In this lecture we will introduce the astropy library and the affiliated package astroquery. The official documents of these packages are available at:
To install these packages with conda:
conda install astropy
conda install -c astropy astroquery
There are many more packages affiliated to astropy which can be of interest to you. You can find the list at:
FITS files are by far the favorite format to store and distribute astronomical data. They come in two flavors:
To read these two types of files we will need to import from astropy two different sub-libraries:
from astropy.io import fits
from astropy.table import Table
FITS files can store multi-dimensional data (commonly 2 or 3 dimensions). Any given FITS file can contain multiple images (or tables) called extensions. Every FITS extension contains a header and data.
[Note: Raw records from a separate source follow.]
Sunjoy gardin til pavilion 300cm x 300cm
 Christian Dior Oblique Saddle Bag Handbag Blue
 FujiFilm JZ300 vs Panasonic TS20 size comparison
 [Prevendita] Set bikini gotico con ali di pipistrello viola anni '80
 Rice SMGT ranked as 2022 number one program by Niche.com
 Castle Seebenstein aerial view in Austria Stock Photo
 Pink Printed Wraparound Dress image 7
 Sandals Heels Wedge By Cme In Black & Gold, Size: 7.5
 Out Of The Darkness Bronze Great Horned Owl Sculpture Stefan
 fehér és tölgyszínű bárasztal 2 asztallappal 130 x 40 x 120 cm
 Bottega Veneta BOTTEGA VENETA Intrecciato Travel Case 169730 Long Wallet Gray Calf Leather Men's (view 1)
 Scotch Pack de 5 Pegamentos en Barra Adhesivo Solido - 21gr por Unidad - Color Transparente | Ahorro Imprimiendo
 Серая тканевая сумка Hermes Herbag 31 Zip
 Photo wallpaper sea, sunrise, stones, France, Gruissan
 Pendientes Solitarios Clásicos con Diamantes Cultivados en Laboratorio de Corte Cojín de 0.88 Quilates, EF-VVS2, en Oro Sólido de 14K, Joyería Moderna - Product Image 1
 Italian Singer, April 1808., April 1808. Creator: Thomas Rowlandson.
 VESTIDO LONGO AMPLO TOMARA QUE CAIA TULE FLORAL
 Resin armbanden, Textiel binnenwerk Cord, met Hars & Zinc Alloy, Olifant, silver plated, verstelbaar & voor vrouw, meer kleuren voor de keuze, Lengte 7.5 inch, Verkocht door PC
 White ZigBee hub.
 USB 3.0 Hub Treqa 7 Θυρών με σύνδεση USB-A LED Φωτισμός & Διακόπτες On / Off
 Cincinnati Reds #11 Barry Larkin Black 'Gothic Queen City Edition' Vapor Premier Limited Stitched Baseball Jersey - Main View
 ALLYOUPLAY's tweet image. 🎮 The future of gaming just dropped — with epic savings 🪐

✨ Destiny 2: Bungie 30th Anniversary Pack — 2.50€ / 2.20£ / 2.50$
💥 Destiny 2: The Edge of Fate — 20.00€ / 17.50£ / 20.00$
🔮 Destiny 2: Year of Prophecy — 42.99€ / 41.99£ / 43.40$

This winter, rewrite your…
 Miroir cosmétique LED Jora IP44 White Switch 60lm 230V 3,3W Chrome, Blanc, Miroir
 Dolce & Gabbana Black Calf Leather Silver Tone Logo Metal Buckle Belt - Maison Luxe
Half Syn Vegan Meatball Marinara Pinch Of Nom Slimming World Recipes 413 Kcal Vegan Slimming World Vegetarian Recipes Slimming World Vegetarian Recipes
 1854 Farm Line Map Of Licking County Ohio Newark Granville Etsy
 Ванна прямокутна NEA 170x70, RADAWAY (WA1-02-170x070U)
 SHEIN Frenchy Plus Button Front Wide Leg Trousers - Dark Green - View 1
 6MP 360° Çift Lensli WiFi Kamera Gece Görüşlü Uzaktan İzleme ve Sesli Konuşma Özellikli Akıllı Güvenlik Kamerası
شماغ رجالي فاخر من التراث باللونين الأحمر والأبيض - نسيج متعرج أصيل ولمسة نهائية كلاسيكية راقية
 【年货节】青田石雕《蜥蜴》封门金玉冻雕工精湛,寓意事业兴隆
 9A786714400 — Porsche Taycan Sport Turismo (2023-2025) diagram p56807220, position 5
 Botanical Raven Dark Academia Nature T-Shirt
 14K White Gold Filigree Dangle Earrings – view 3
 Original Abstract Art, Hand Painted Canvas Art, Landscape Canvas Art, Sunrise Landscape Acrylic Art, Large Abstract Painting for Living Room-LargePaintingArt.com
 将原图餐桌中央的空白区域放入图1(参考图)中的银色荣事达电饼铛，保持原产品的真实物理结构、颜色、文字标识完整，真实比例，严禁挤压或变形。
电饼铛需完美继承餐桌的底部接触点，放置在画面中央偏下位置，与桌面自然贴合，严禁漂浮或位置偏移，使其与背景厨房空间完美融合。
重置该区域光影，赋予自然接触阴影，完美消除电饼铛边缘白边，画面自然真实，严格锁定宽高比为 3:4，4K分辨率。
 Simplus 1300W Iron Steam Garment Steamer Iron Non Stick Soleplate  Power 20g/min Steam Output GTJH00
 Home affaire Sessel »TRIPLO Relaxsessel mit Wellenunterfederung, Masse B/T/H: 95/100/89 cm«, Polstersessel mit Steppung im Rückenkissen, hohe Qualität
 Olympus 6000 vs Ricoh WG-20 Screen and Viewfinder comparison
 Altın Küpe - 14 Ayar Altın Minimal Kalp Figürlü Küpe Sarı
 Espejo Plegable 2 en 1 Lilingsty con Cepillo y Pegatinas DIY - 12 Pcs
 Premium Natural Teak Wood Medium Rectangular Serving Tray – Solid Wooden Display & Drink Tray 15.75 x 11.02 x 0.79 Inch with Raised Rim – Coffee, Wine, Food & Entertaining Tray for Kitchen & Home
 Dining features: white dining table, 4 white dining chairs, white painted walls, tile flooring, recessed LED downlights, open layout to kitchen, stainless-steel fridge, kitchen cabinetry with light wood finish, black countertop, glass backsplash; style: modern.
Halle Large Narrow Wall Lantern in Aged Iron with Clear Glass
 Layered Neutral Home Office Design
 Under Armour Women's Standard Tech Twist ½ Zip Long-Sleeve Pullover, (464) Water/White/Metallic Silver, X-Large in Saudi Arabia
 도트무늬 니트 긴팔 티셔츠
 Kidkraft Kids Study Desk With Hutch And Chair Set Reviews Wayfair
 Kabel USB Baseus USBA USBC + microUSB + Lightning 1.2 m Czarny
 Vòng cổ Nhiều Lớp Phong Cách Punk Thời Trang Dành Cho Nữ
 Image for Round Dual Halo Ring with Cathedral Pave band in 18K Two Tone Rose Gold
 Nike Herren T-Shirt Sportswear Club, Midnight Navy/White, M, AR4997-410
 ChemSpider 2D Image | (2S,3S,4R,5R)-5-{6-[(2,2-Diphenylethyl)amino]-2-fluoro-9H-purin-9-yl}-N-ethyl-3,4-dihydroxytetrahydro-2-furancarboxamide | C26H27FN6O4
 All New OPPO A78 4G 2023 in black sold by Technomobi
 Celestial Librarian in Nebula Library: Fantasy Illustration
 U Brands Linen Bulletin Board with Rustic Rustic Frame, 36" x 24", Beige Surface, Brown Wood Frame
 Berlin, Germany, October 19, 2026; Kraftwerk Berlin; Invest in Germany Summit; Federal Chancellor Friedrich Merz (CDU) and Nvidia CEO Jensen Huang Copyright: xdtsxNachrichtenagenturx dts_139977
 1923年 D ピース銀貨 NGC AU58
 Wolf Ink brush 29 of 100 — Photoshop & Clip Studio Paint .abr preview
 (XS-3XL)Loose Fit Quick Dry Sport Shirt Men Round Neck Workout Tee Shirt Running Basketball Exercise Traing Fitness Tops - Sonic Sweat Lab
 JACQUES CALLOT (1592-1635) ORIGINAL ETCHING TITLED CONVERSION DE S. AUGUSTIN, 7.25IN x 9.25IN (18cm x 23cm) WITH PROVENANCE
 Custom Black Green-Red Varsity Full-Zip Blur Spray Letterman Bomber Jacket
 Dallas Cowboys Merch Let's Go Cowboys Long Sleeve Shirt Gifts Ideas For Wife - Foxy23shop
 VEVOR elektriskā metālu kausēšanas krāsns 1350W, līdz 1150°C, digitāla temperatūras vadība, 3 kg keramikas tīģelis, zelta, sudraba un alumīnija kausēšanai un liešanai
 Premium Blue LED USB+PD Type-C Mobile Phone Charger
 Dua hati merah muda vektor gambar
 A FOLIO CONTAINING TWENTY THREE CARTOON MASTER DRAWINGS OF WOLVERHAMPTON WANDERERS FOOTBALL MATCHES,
FITS headers can contain World Coordinate System (wcs) information that indicates where a given pixel is on the sky.
Unlike Python, the FITS convention is indexing starting at 1. Generally, astropy takes this into account.
Convenience functions make reading FITS images easy.
from astropy.io import fits
img1 = fits.getdata(filename) # Getting the image
head1 = fits.getheader(filename) # and the Header
This opens the image as a Numpy array, and the header as a “dictionary-like” object (i.e., you can access the individual header keywords through “head1[‘key’]” ).
To open other extensions in the fits file:
img1 = fits.getdata(filename, 0) # Primary Ext
img2 = fits.getdata(filename, 1) # Second Ext
img2 = fits.getdata(filename, ext=1) # Equivalent
It is possible to import a FITS file also using an URL. This is done with the download_file function.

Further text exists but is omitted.